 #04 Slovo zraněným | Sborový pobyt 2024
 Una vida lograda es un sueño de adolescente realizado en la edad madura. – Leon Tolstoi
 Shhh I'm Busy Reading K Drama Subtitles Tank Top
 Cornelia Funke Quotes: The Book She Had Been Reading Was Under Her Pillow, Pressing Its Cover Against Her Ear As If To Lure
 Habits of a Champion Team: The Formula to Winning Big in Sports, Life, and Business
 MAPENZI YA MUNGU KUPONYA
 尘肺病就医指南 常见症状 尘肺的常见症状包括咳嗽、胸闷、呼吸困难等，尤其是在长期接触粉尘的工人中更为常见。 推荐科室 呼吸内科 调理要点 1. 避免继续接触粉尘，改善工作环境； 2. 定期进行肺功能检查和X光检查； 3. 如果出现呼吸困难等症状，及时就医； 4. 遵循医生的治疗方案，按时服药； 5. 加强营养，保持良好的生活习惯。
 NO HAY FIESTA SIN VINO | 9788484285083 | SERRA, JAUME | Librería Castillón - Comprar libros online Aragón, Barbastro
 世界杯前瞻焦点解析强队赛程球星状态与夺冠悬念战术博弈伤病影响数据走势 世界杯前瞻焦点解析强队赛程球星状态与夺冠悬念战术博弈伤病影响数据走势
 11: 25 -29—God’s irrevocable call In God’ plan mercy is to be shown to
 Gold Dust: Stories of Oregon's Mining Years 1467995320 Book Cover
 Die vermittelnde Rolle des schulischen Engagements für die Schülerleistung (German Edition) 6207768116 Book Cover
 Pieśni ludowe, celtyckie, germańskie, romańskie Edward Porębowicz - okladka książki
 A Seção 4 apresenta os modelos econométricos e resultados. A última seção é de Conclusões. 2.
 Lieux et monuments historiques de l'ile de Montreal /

> **WHAT THE EXERCISE ASKS**
All of the entries must be given again, word for word.

> **COMPLETED TASK**
 #04 Slovo zraněným | Sborový pobyt 2024
 Una vida lograda es un sueño de adolescente realizado en la edad madura. – Leon Tolstoi
 Shhh I'm Busy Reading K Drama Subtitles Tank Top
 Cornelia Funke Quotes: The Book She Had Been Reading Was Under Her Pillow, Pressing Its Cover Against Her Ear As If To Lure
 Habits of a Champion Team: The Formula to Winning Big in Sports, Life, and Business
 MAPENZI YA MUNGU KUPONYA
 尘肺病就医指南 常见症状 尘肺的常见症状包括咳嗽、胸闷、呼吸困难等，尤其是在长期接触粉尘的工人中更为常见。 推荐科室 呼吸内科 调理要点 1. 避免继续接触粉尘，改善工作环境； 2. 定期进行肺功能检查和X光检查； 3. 如果出现呼吸困难等症状，及时就医； 4. 遵循医生的治疗方案，按时服药； 5. 加强营养，保持良好的生活习惯。
 NO HAY FIESTA SIN VINO | 9788484285083 | SERRA, JAUME | Librería Castillón - Comprar libros online Aragón, Barbastro
 世界杯前瞻焦点解析强队赛程球星状态与夺冠悬念战术博弈伤病影响数据走势 世界杯前瞻焦点解析强队赛程球星状态与夺冠悬念战术博弈伤病影响数据走势
 11: 25 -29—God’s irrevocable call In God’ plan mercy is to be shown to
 Gold Dust: Stories of Oregon's Mining Years 1467995320 Book Cover
 Die vermittelnde Rolle des schulischen Engagements für die Schülerleistung (German Edition) 6207768116 Book Cover
 Pieśni ludowe, celtyckie, germańskie, romańskie Edward Porębowicz - okladka książki
 A Seção 4 apresenta os modelos econométricos e resultados. A última seção é de Conclusões. 2.
 Lieux et monuments historiques de l'ile de Montreal /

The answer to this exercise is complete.